[Data extracted from a collection]
+ + + + +

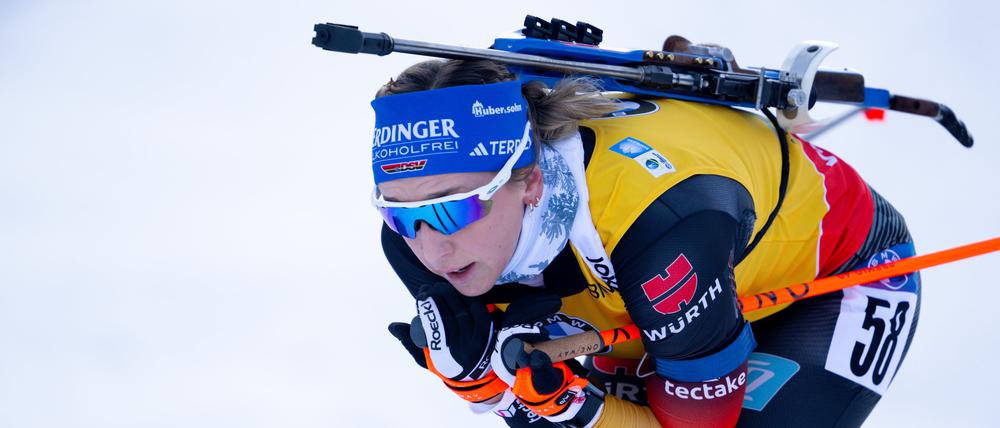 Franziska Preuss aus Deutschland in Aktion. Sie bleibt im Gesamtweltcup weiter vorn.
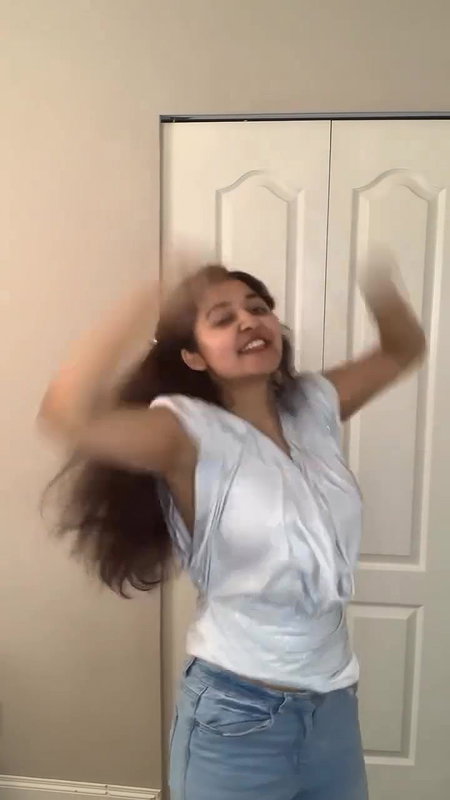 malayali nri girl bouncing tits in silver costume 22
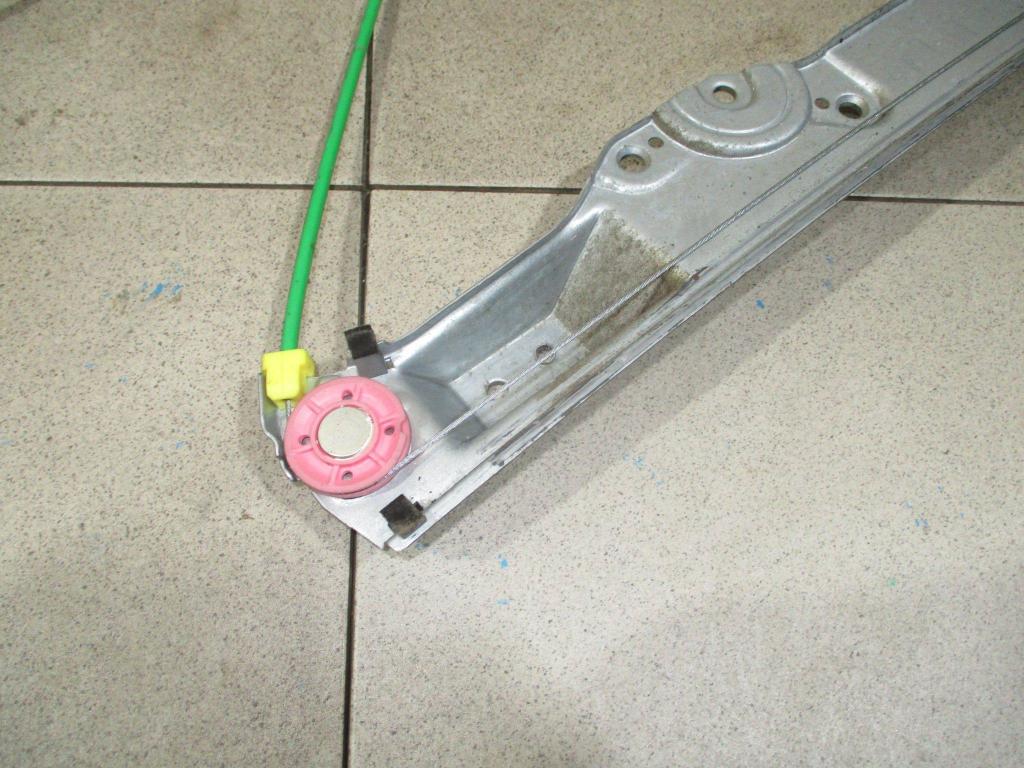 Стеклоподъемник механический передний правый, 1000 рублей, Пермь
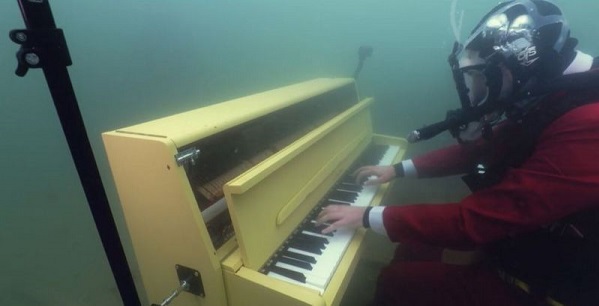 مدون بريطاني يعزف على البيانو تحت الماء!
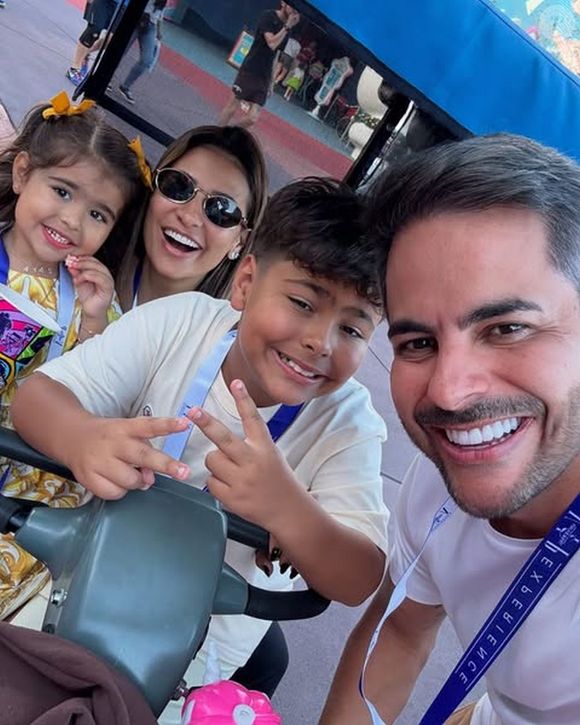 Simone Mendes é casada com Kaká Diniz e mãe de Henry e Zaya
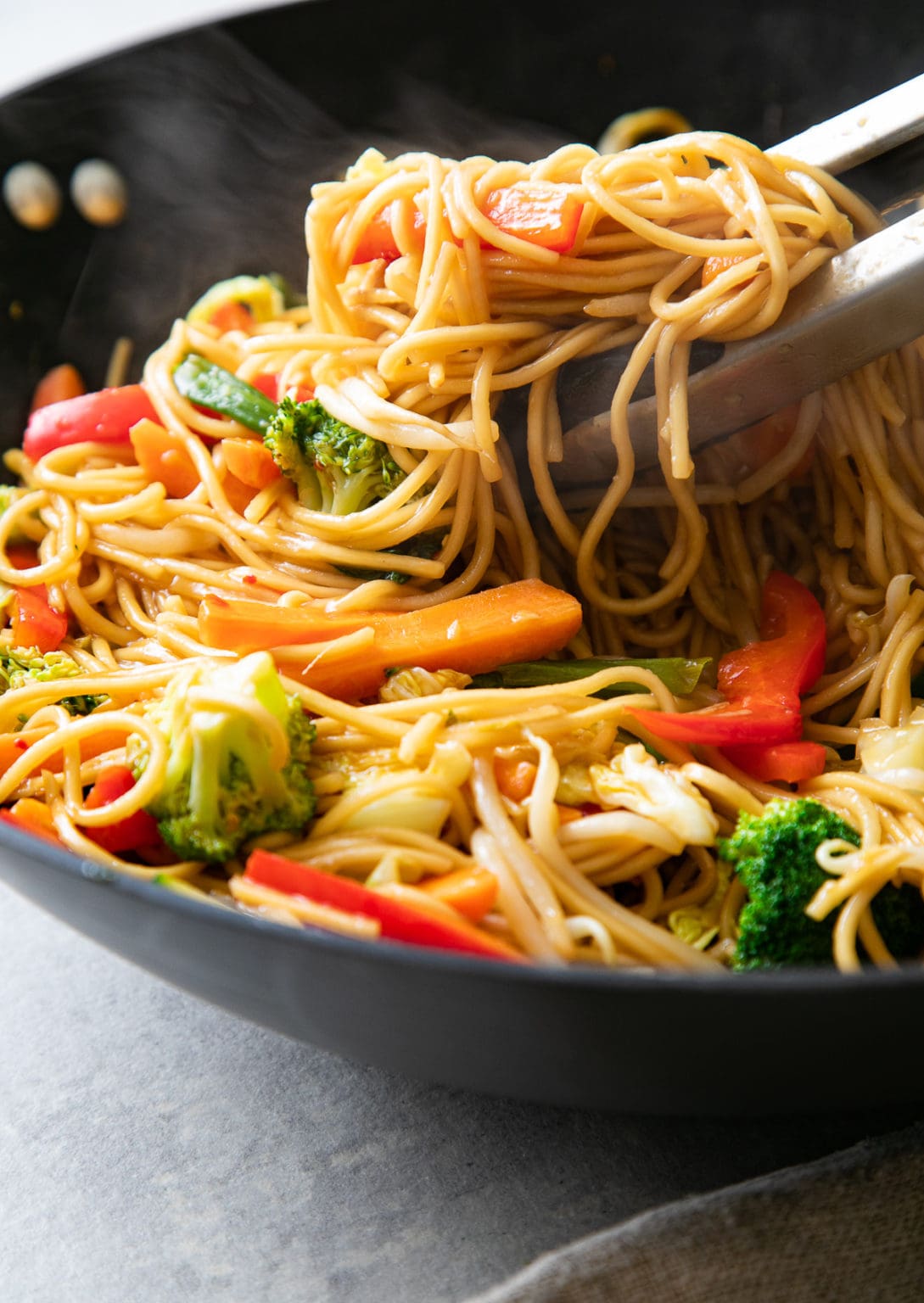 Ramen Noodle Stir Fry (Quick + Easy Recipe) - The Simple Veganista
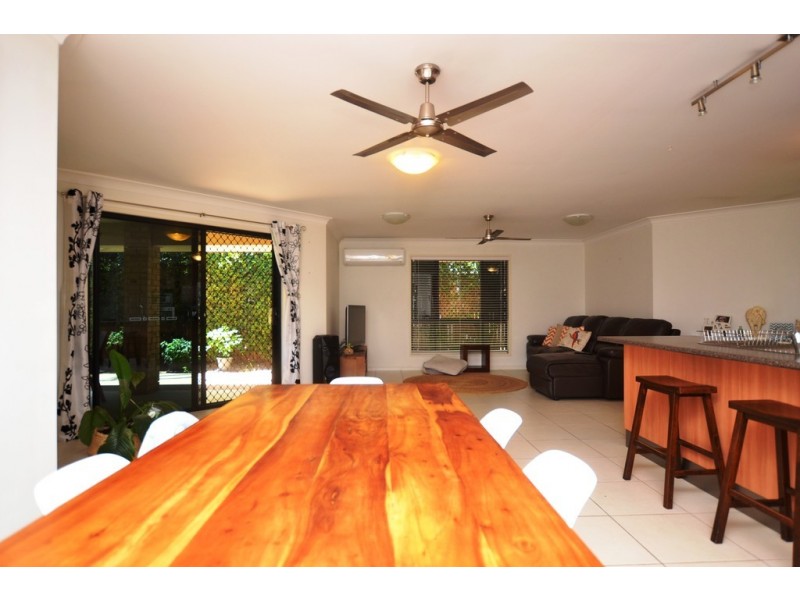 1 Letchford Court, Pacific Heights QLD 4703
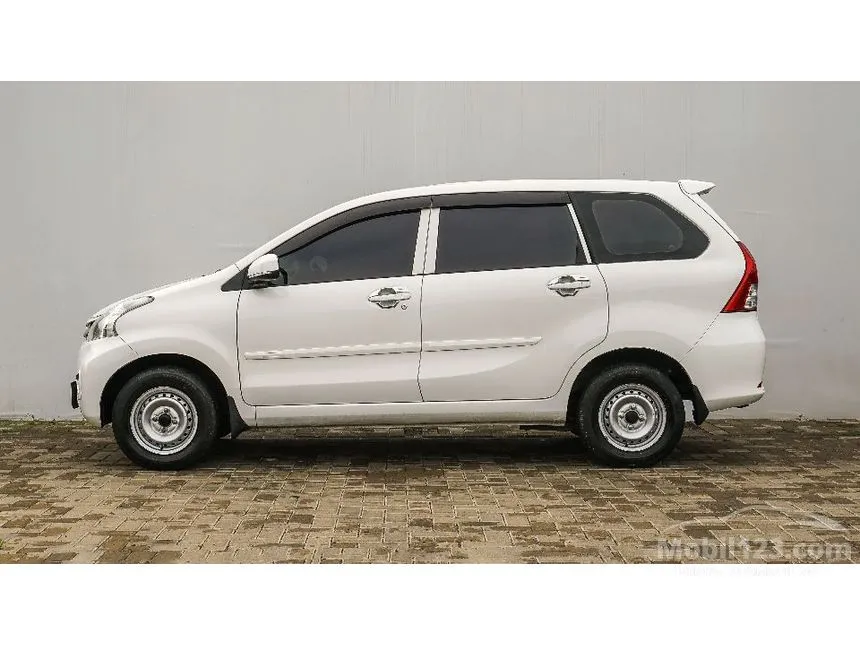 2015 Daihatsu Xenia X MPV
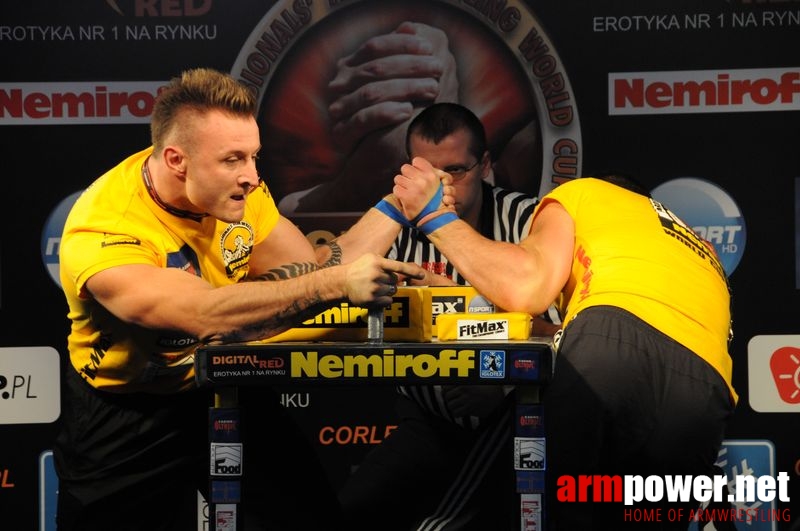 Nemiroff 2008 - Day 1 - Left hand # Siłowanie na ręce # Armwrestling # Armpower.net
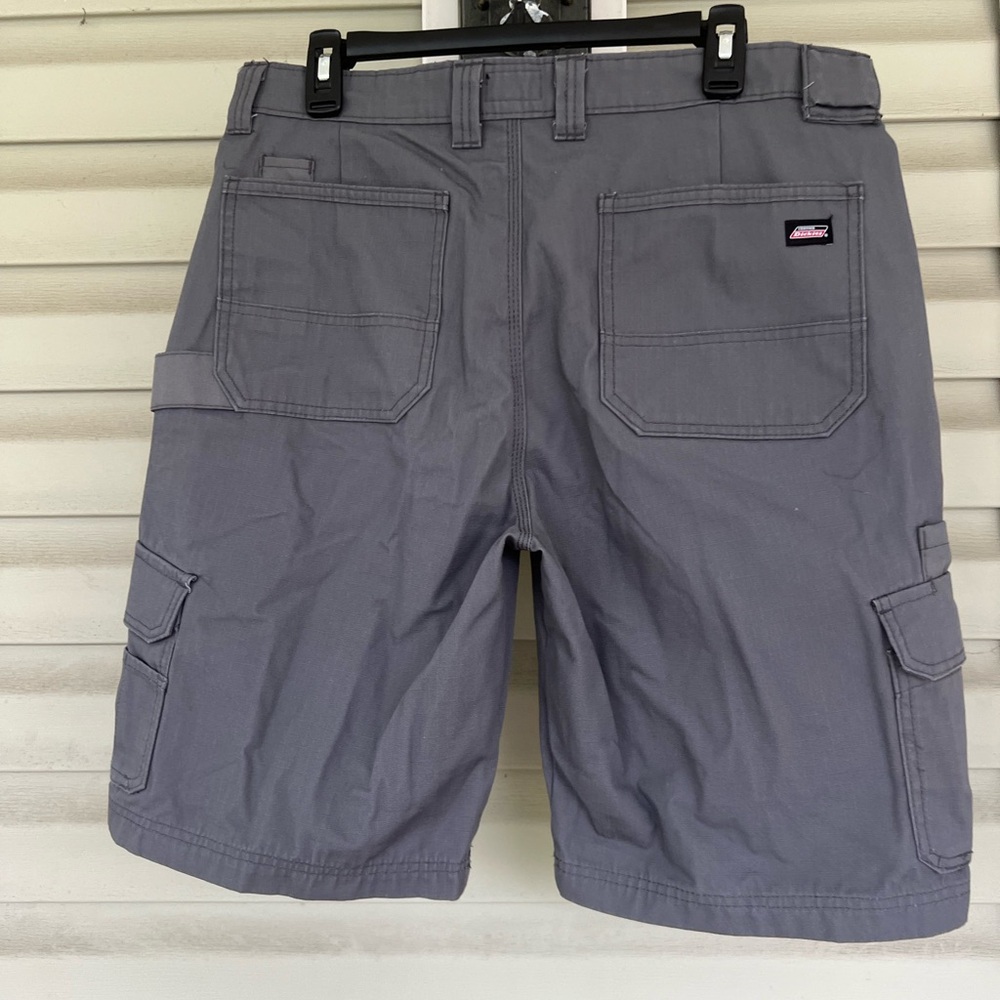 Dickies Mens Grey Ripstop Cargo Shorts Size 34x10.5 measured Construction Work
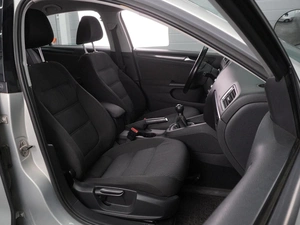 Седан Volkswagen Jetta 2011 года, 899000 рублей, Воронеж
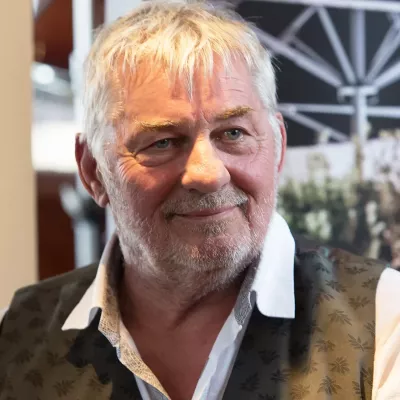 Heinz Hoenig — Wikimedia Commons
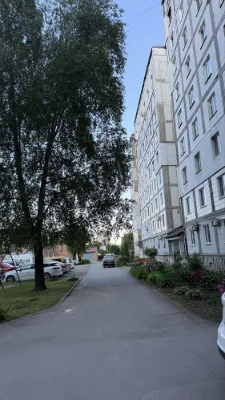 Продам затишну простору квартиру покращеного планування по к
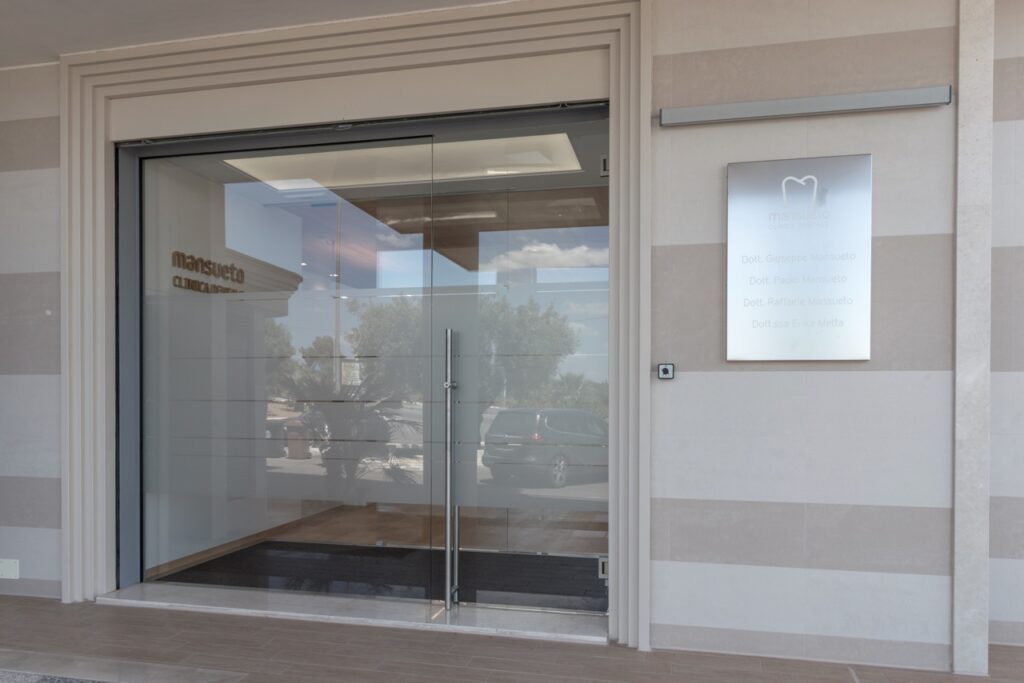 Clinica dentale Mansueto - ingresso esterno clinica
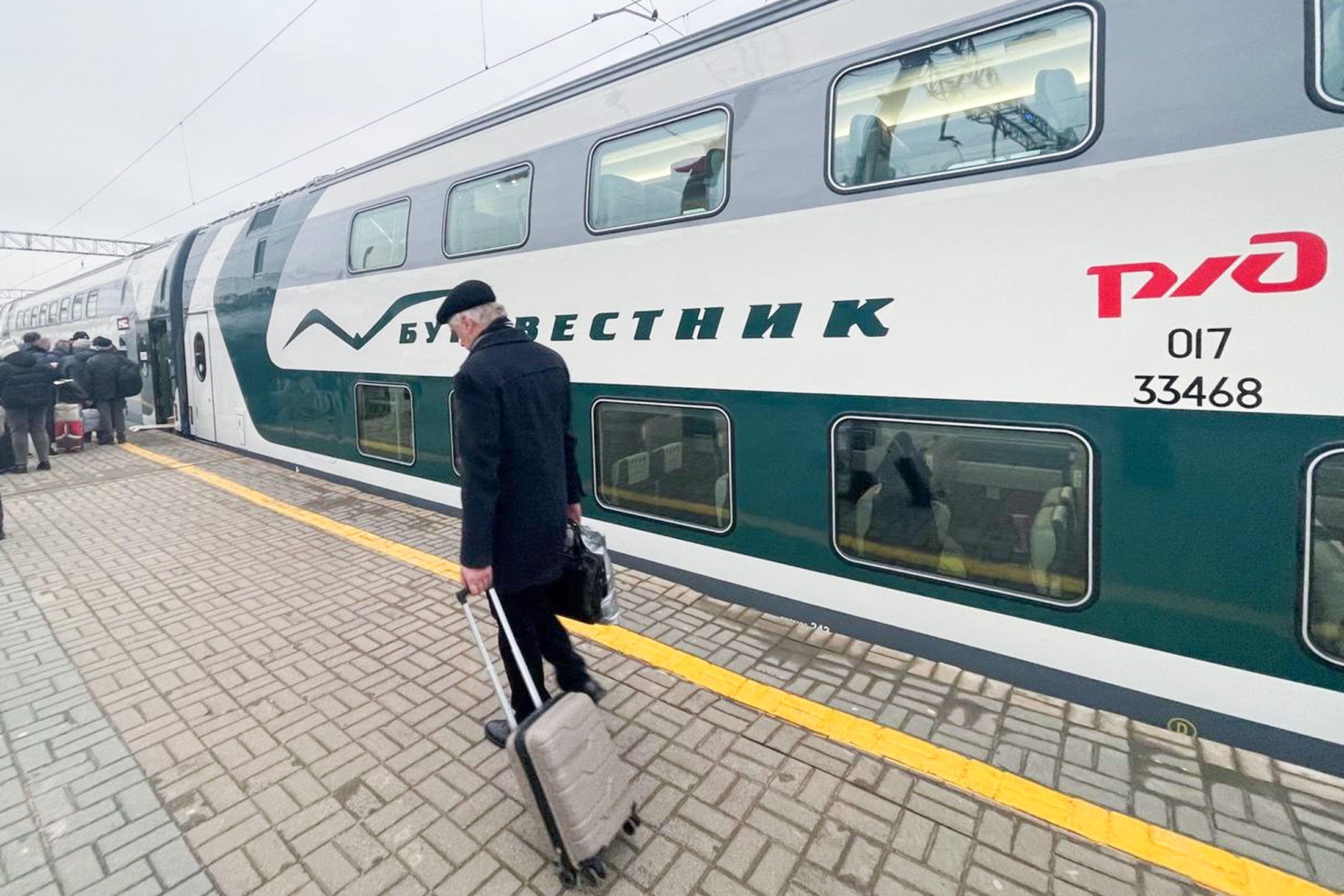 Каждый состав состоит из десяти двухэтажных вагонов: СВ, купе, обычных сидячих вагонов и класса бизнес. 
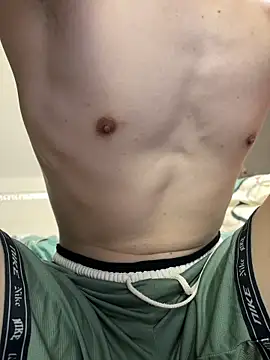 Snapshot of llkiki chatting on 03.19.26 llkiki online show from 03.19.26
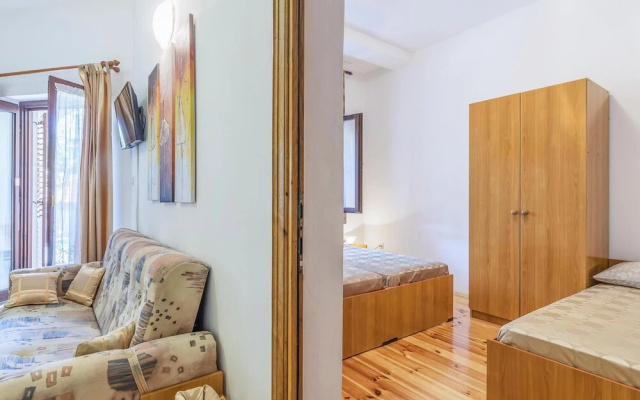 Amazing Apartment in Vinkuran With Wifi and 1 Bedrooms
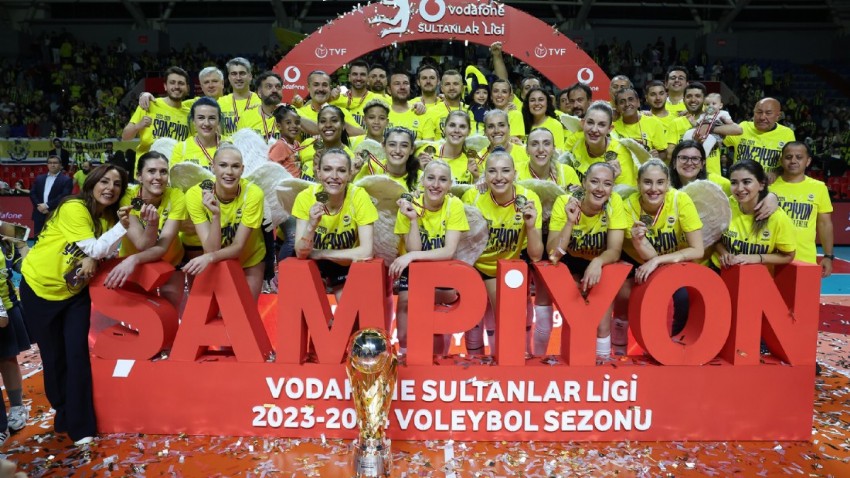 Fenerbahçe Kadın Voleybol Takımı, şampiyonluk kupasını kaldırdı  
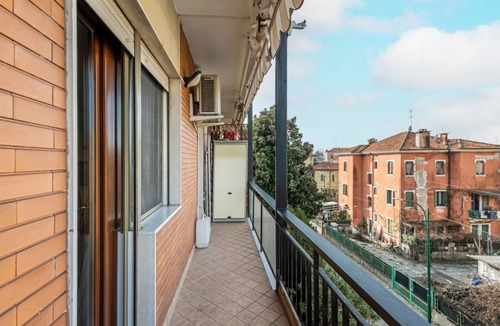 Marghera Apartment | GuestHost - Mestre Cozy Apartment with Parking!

+ + + + +

* WHAT YOU WILL DO:
The reply needs to repeat exactly the line containing "Продам затишну простору" and each line after it, through the final line of the entries above, and to skip the pictures.

* REPLY TO THE EXERCISE:
 Продам затишну простору квартиру покращеного планування по к
 Clinica dentale Mansueto - ingresso esterno clinica
 Каждый состав состоит из десяти двухэтажных вагонов: СВ, купе, обычных сидячих вагонов и класса бизнес. 
 Snapshot of llkiki chatting on 03.19.26 llkiki online show from 03.19.26
 Amazing Apartment in Vinkuran With Wifi and 1 Bedrooms
 Fenerbahçe Kadın Voleybol Takımı, şampiyonluk kupasını kaldırdı  
 Marghera Apartment | GuestHost - Mestre Cozy Apartment with Parking!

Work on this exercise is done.